(Short web captions)

== Segment start ==

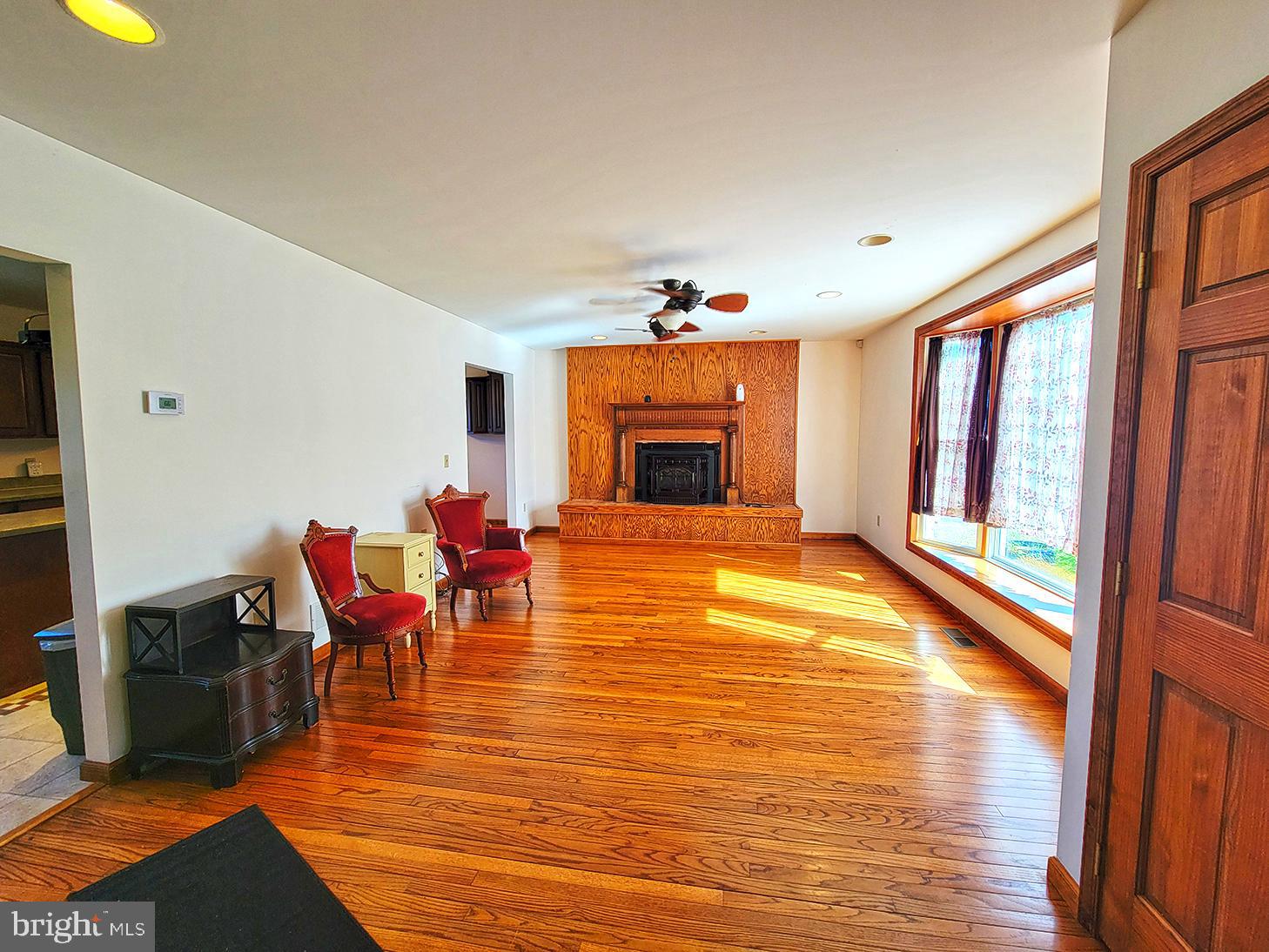 1018 Crestview Avenue Shillington, PA 19607 - Photo 7 of 47 a living room with furniture and a fireplace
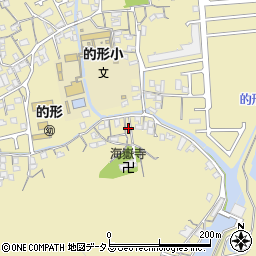 兵庫県姫路市的形町的形2117周辺の地図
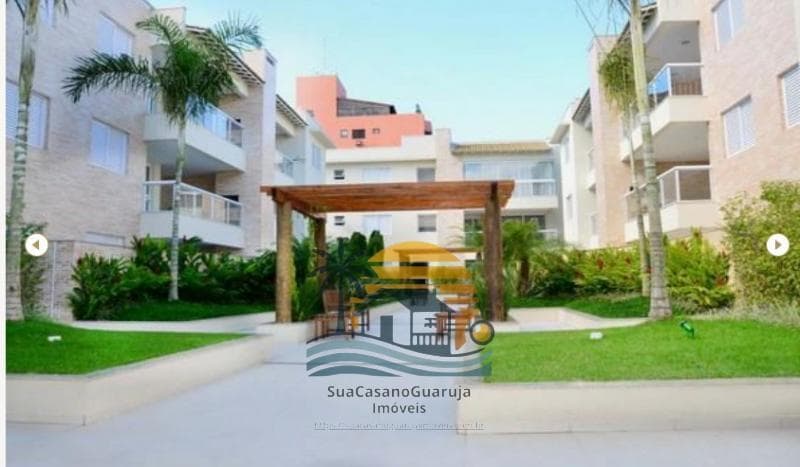 Apartamento 2 dormitórios 1 suíte 2 banheiros 2 vagas 80 m2 praia da enseada guaruja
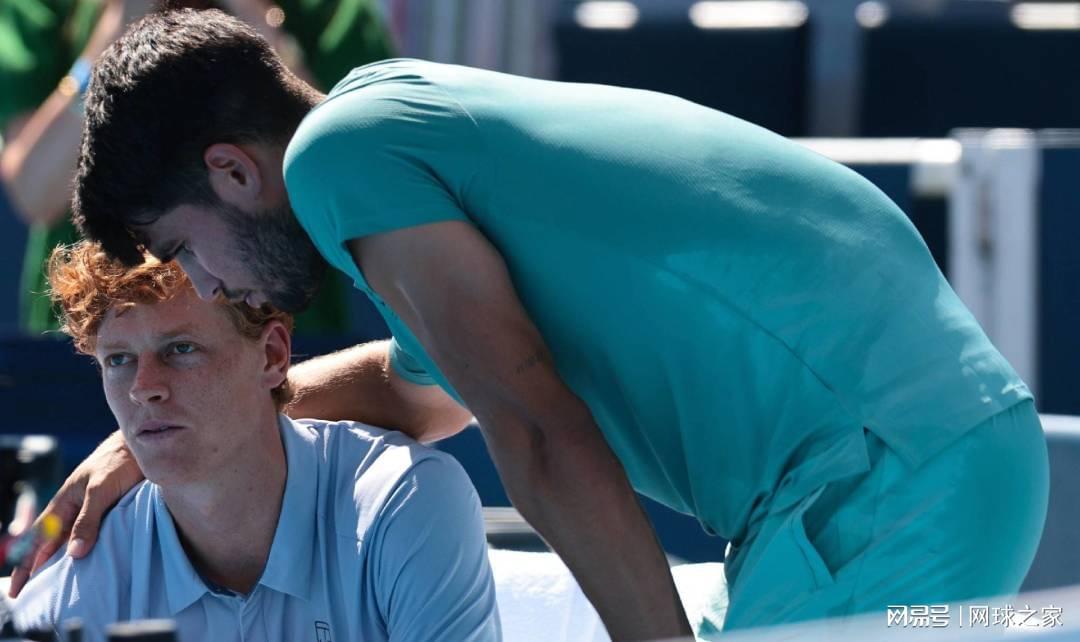 博鱼体育直播-阿卡和辛纳今日从韩国开工，两位网坛大佬却因00后双子星吵了起来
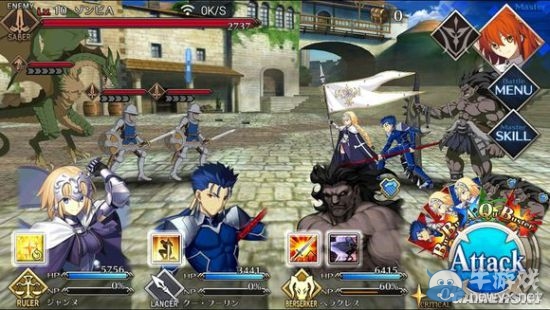 《Fate/Grand Order》第一章全流程圖文攻略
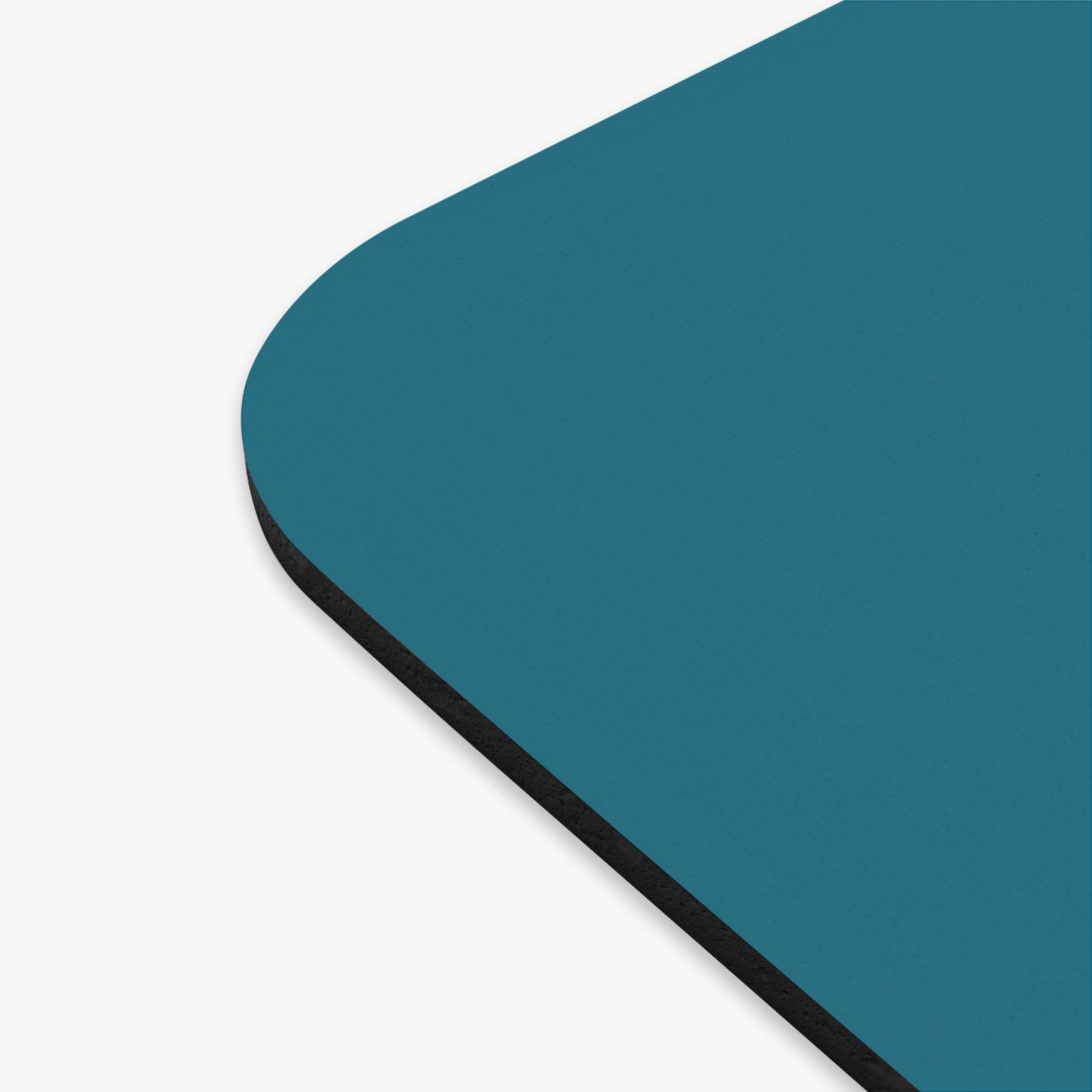 True Holiday Deep Ocean Blue Solids Mouse Pad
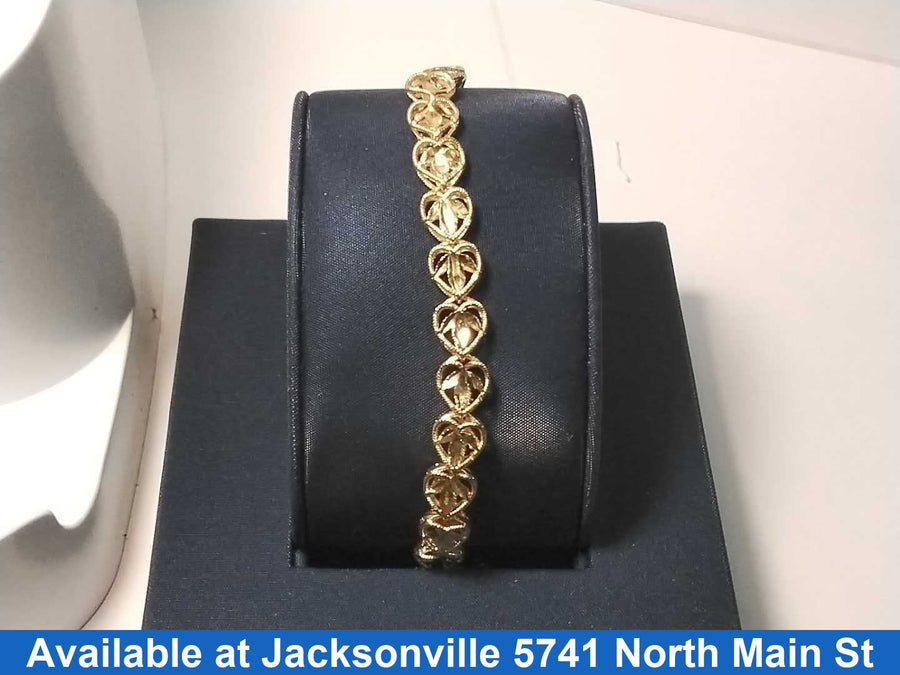 Bracelet - Yellow Gold 14k (.585) 8.4 grams 7 inch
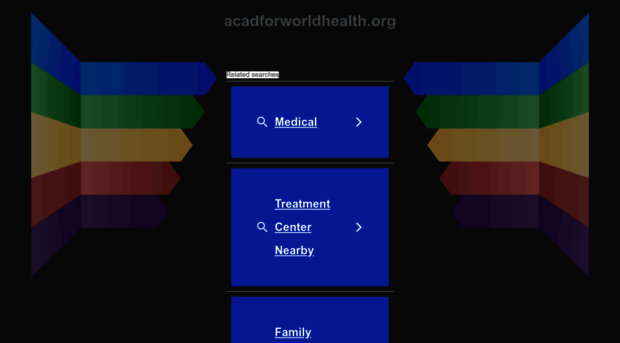 acadforworldhealth.org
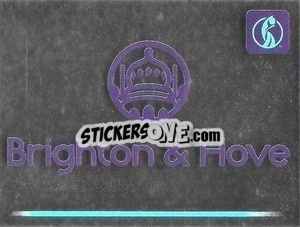 Sticker Brighton & Hove - UEFA Women's Euro England 2022 - Panini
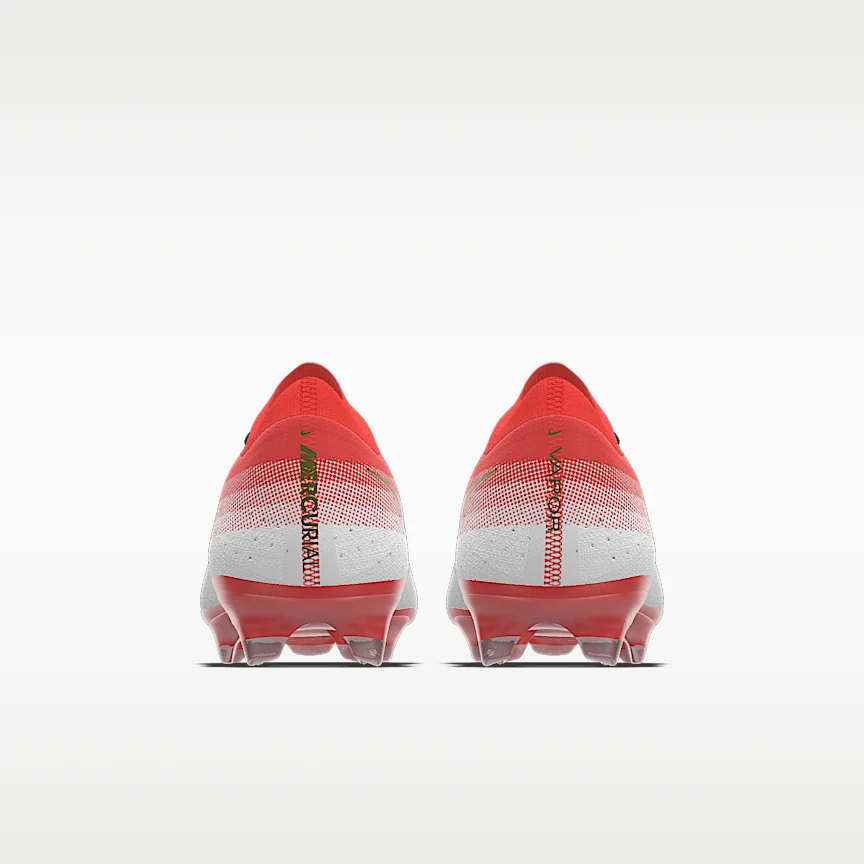 NIKE マーキュリアル ヴェイパー 17 エリート By You — カスタム ファームグラウンド ローカット サッカースパイク - Image 5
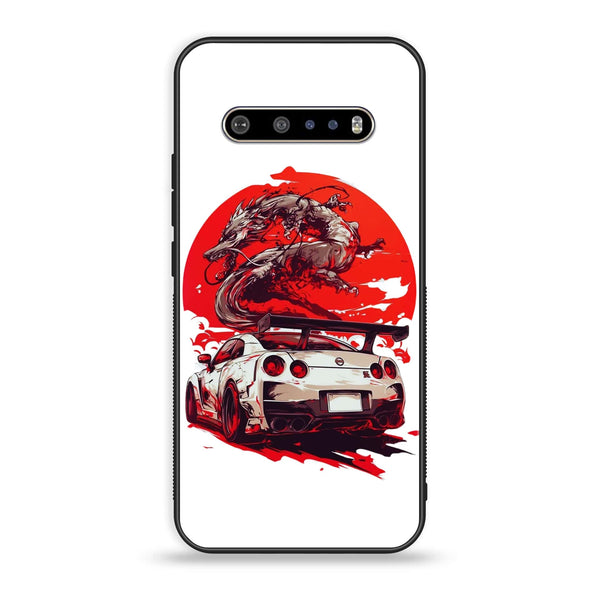 LG V60 - Speed and Fury - Premium Printed Glass soft Bumper Shock Proof Case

== Segment end ==

◆ Try it:
Transcribe, without alteration, each line from the one with "Apartamento 2 dormitórios" through the last line of the data; no pictures belong in the copy.

◆ Solution:
 Apartamento 2 dormitórios 1 suíte 2 banheiros 2 vagas 80 m2 praia da enseada guaruja
 博鱼体育直播-阿卡和辛纳今日从韩国开工，两位网坛大佬却因00后双子星吵了起来
 《Fate/Grand Order》第一章全流程圖文攻略
 True Holiday Deep Ocean Blue Solids Mouse Pad
 Bracelet - Yellow Gold 14k (.585) 8.4 grams 7 inch
 acadforworldhealth.org
 Sticker Brighton & Hove - UEFA Women's Euro England 2022 - Panini
 NIKE マーキュリアル ヴェイパー 17 エリート By You — カスタム ファームグラウンド ローカット サッカースパイク - Image 5
 LG V60 - Speed and Fury - Premium Printed Glass soft Bumper Shock Proof Case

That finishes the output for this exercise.